Understandably, the star of The Devil Wears Prada is Hathaway, and she does a wonderful job in showing the transformation of Andy from intimidate girl to a more confident woman. She also communicates the physical transformation of Andy. In the early part of the film, she is almost proudly contemptuous of the emphasis those at Runway place on clothes and clueless about anything those in the magazine would consider basic information (she for example, asks a person on the phone how to spell Gabbana, believing it to be an actual Mr. or Mrs. Gabbana). Later, under Nigel's supervision, she comes to realize there is nothing wrong with improving one's appearance, not just to fit in, but also to boost self-confidence.

There are also some wonderful performances by supporting players. Blunt is delightful as Emily (side note: one wondered, given Miranda's penchant for referring to Andy as Emily, if this was her actual name or just a generic name the fashion editor gave to her assistants). Blunt has a marked ability for mean-spirited comedy, where we tend to dislike her for being so harsh and snobbish with Andy but who we also see as both adoring and terrified by her idol Miranda. The scene where she realizes she will not be fulfilling her long-held dream makes Emily both shallow and mean yet oddly endearing, which we credit to the fact that Emily finally starts to eat.

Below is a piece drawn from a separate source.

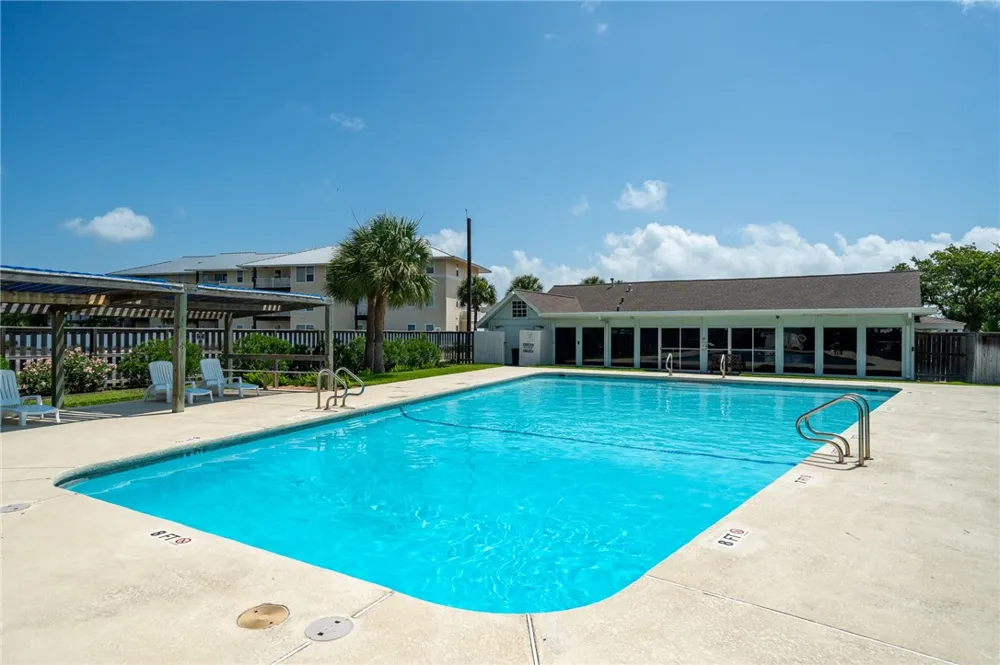 609 Lauderdale Drive Rockport, TX 78382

Tucci serves as both a dismissive superior of Andy and as a mentor of sorts, guiding our heroine in her new role as a budding fashionista. He is sharp but never overtly cruel with her, but tells Andy basically she is being foolish in how she is tackling the hurdles of Runway and what she can do about it.

Baker and Grenier seem to play variations of themselves: the former a suave ladies' man who attracts women easily while the latter doesn't seem any different from Vincent Chase on Entourage. This isn't to say that they weren't good in the film: both were pleasant enough. It's just that it doesn't make full use of whatever talent they may have (a stronger case for Baker can be made than can for Grenier).

We now turn to Meryl Streep. She is ice cold as Miranda, a woman who never shouts or even raises her voice when cutting someone down. Streep gives Miranda a coolness that shows her to be not oblivious but disinterested in how others are affected by her demands. Miranda cannot comprehend how Andy cannot get any airplane to fly her out of Miami just because a hurricane is pounding the city. She is the type of woman who expects to be obeyed, to have her Starbucks ready at the moment she calls for it, and to have not one but two copies of the unpublished Harry Potter novel at the ready.

Yet Streep is too intelligent and talented an actress to go for straight parody (even of Vogue editor Anna Wintour, highly suspected of being the inspiration for Miranda). Streep has a scene where she allows the mask to slide ever-so-low, revealing she has human hurts and emotions just like everyone else.

Not everything about The Devil Wears Prada is good/perfect. We have an unfortunate cliché in that Andy has to decide between going to Nate's birthday party and Miranda's benefit...which fall on the same night. Why do these sort of things always happen in movies? The break-up between Nate and Andy wasn't the best bit of acting, which was unfortunate given that for most of the film both Hathaway and Grenier had given pretty good performances of a regular couple deeply in love with each other.

Still, these are minor flaws. The Devil Wears Prada is a light, enjoyable film, one that even those who don't know their Oscar De La Renta from their Oscar De La Hoya will appreciate. The film is a very good fit.